Exercise brief: Could you reproduce every record below exactly, excluding all pictures?

------ Given information ------

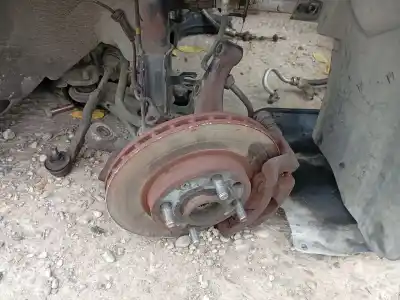 Peça sobressalente para automóvel em segunda mão manga de eixo dianteira direita por chevrolet aveo / kalos fastback (t250, t255) 1.2 referências oem iam 96870492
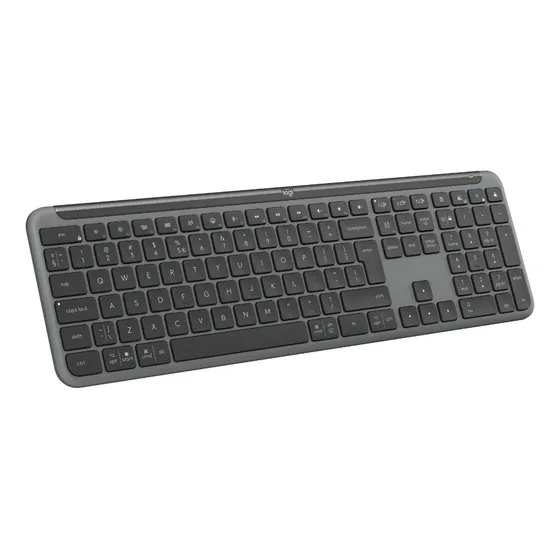 Teclado Sem fio Logitech Signature Slim K950 Grafite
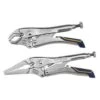 IRWIN® - Vise Grip™ Fast Release™ 2-piece 5" To 6" Metal Handle V/Long Nose Jaws Locking Pliers Set -Irwin irht82571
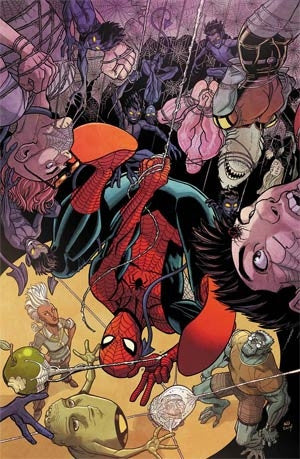 Spider-Man And The X-Men #1 Cover A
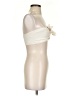 BEIGE BOTANY Ivory Tube Top Size S - photo 4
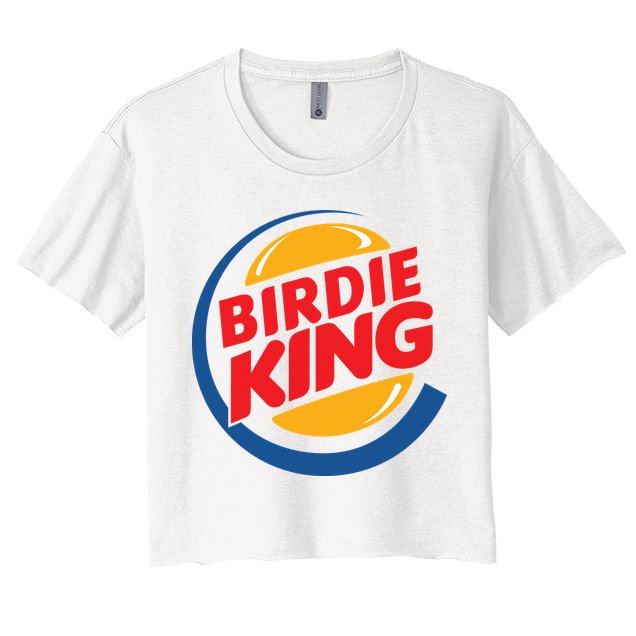 Birdie King Golf Crop Top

------

Result of this task:
 Peça sobressalente para automóvel em segunda mão manga de eixo dianteira direita por chevrolet aveo / kalos fastback (t250, t255) 1.2 referências oem iam 96870492
 Teclado Sem fio Logitech Signature Slim K950 Grafite
 IRWIN® - Vise Grip™ Fast Release™ 2-piece 5" To 6" Metal Handle V/Long Nose Jaws Locking Pliers Set -Irwin irht82571
 Spider-Man And The X-Men #1 Cover A
 BEIGE BOTANY Ivory Tube Top Size S - photo 4
 Birdie King Golf Crop Top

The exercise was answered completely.